Mike Dean Details Kanye West's Production "Evolution"
Mike Dean has worked with Kanye West on each of his albums, as well as the "Watch The Throne" project. The Texas-based mixer-producer explains how West now works on his material with a team of producers.
Mike Dean's role in the studio with Kanye West may be becoming more pronounced, but the mixer-producer has worked with West on each of his albums, as well as the Watch The Throne project with Jay-Z. In an interview with Huffpost Live, Dean explained how working with West has evolved from 2004's The College Dropout to Yeezus, which is slated to be released tomorrow (June 18).
”[West] is more the producer that oversees everybody now," Dean says during the interview. "He gets teams of producers to work under him.

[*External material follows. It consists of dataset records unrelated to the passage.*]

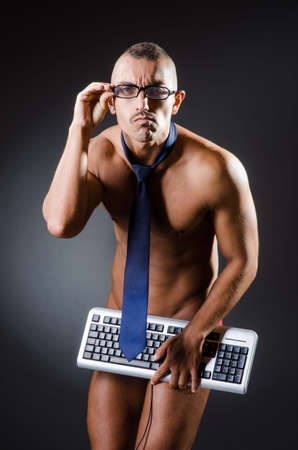 Ripped young man in studio conceptの写真素材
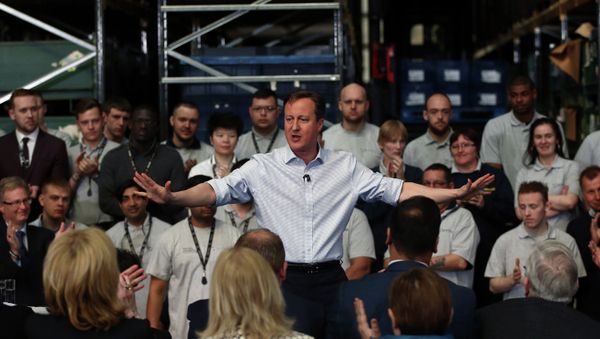 Britain's Prime Minister and leader of the Conservative party David Cameron (C) makes a speech during a UK general election campaign visit to an engineering factory in Birmingham on April 29, 2015 Britain's Prime Minister and leader of the Conservative party David Cameron (C) makes a speech during a UK general election campaign visit to an engineering factory in Birmingham on April 29, 2015 - Sputnik International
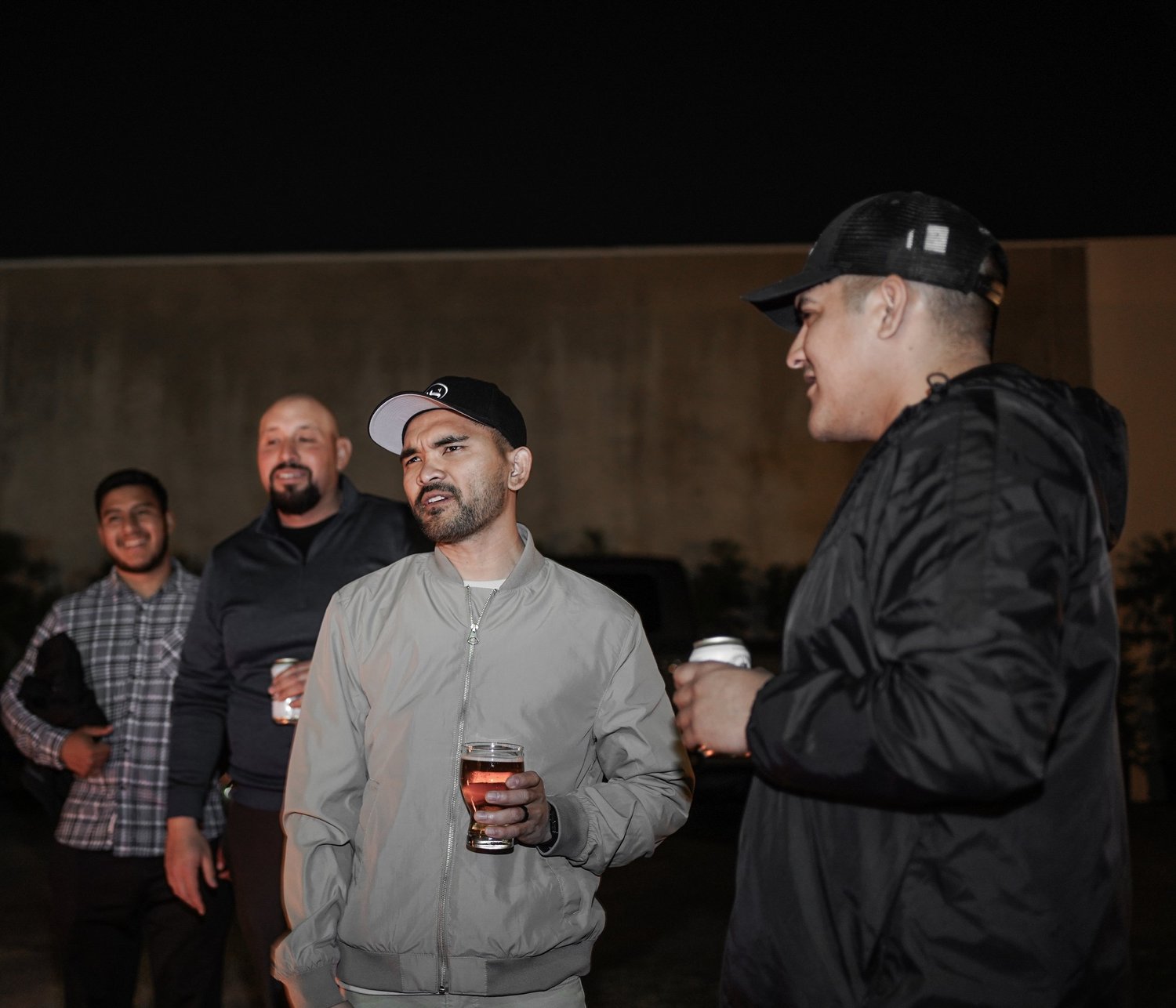 A group of five men at night, socializing outdoors, holding drinks, with a modern building in the background.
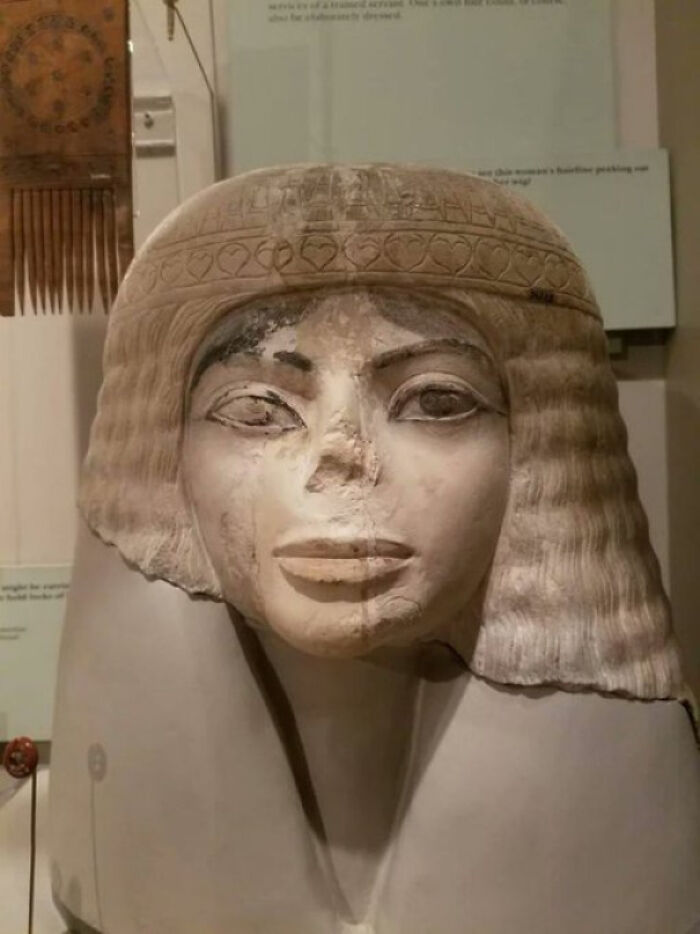 Ancient Egyptian painted limestone bust of a woman with bobbed wig and weathered face, Amazing Photos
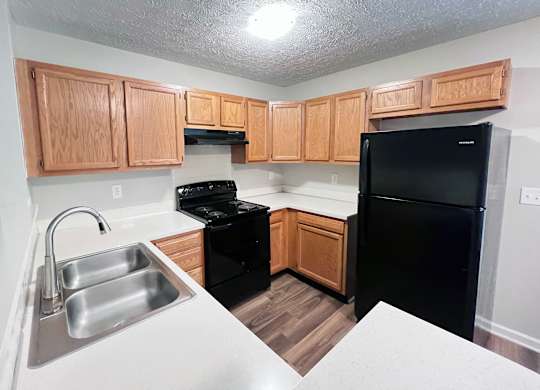 A kitchen with wooden cabinets and black appliances.
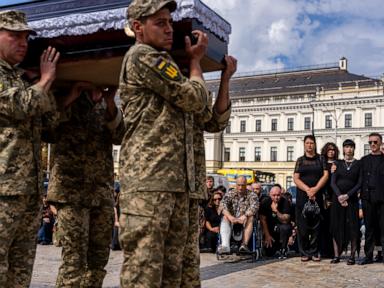 Source-feed image associated with A pregnant soldier mourns her 21-year-old husband at his funeral in Ukraine
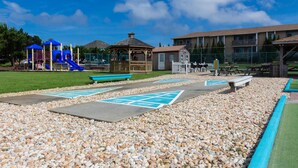 A playground with a slide and climbing structures, a gazebo, picnic tables, and a building in the background. - Sea Scape Beach and Golf Villas (Kitty Hawk)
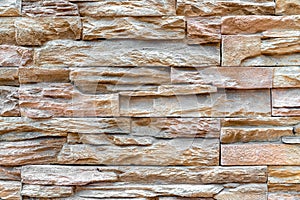 Pattern of stacked stone wall or brick wall texture background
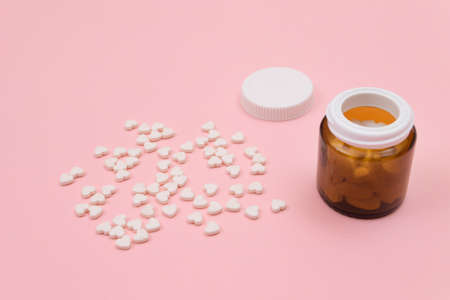 Global Pharmaceutical Industry and Medicinal Products - White Pills or Tablets Scattered from the...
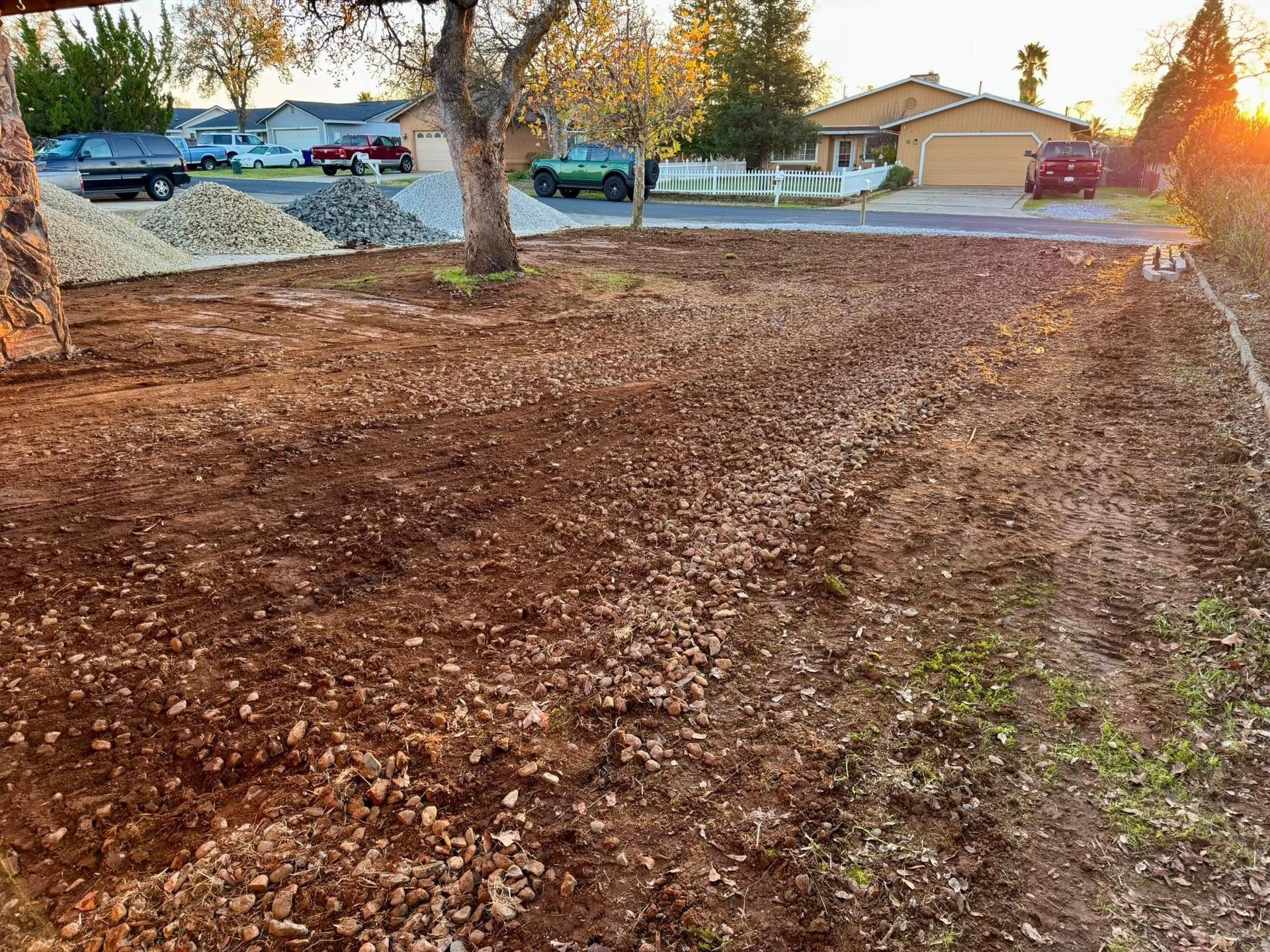 Cleared dirt yard with a pile of rocks in front of houses with cars parked on the street.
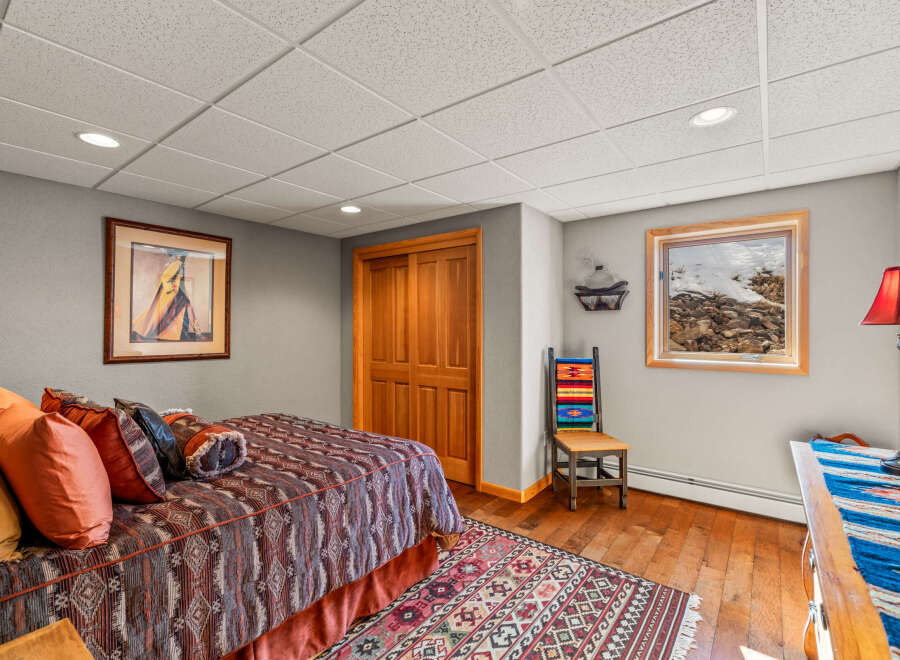 This cozy bedroom features a warm and inviting atmosphere, perfect for relaxation.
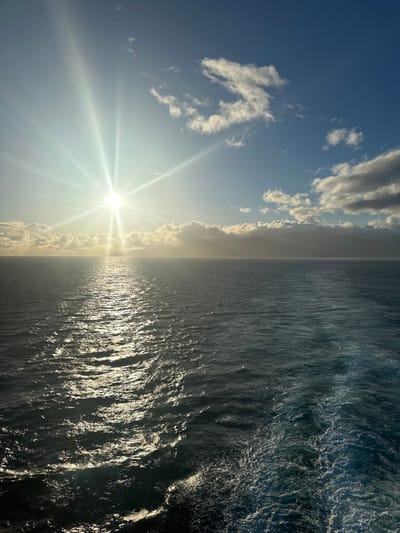 This image depicts a marine environment viewed from a moving vessel, likely off the coast of San Sebastián de La Gomera, Spain, given the faint landmass on the distant horizon. The scene is dominated by the ocean and sky. A brilliant, starburst-effect sun is positioned low in the left quadrant of the sky, reflecting intensely as a shimmering path across the dark blue and teal ocean surface, extending towards the foreground. The sky above is a clear blue with scattered white cumulus clouds, particularly along the horizon and in the upper right. A distinct, frothy white wake from the vessel from which the image was taken occupies the lower right portion of the frame, indicating active movement. No individuals or specific objects beyond the natural elements and the vessel's wake are visible. The overall impression is an open seascape under bright daylight conditions.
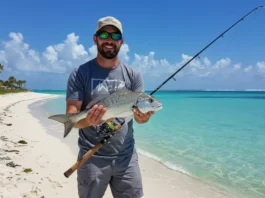 Angler holding a fish and a Florida fishing license on a sunny beach with turquoise waters and palm trees.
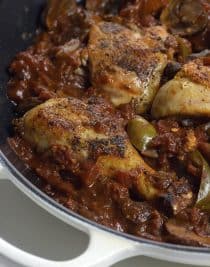Chicken Cacciatore Recipe - Chicken Cacciatore made in a flavorful tomato sauce and tender chicken is a simple, yet comforting Italian classic at its best. // addapinch.com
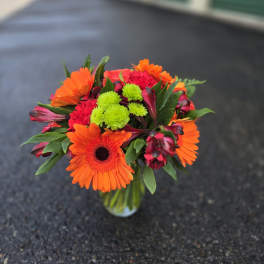 Bright orange and pink mixed bouquet in a glass vase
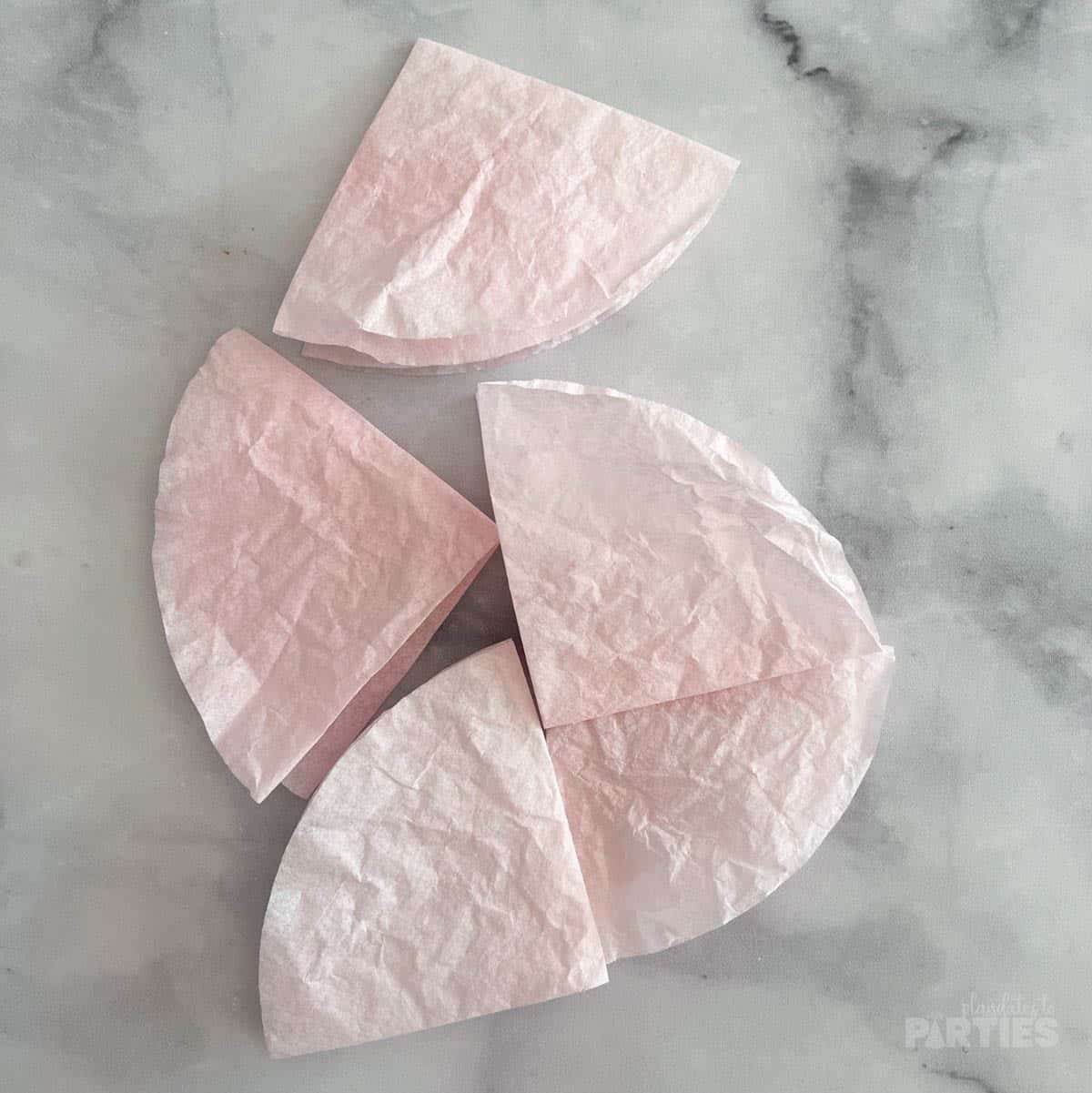 Coffee filters folded into quarters and strewn on a marble surface.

When I first started working with him, I mixed two, three songs on his first record at my house in Texas. I'd say, 'Ah, I could help you on this track.' He'd say, 'I make beats. That's what I do.' That was 10 years ago, I guess. Now he lets everybody put input in and he sorts through it. We’ll have eight producers putting parts on one song and then we’ll just pick through it, pick what’s good."
With so many producers working on one song, Dean says the process becomes layered. "Usually one person will start something and eight other people will add parts," Dean says to interviewer Ricky Camilleri. "Sometimes it'll end up [that] the person that started doesn't have anything on the final song, but they're still producing."
Dean, who performed with West during his Governors Ball 2013 set in New York June 9, has an extensive Rap mixing and production resume. He started working with Scarface, The Geto Boys and other Rap-A-Lot Records artists in the early 1990s and helped develop the "gumbo funk" production style that included the use of live instruments.
Trained to be a bassoonist, Dean says that his work on Yeezus also signals his own development as a producer. "It's just an evolution, I guess, of learning how to make records," Dean says. "We're kind of pulling back to more minimal now. We're trying to. It's hard not to make an epic record if you can."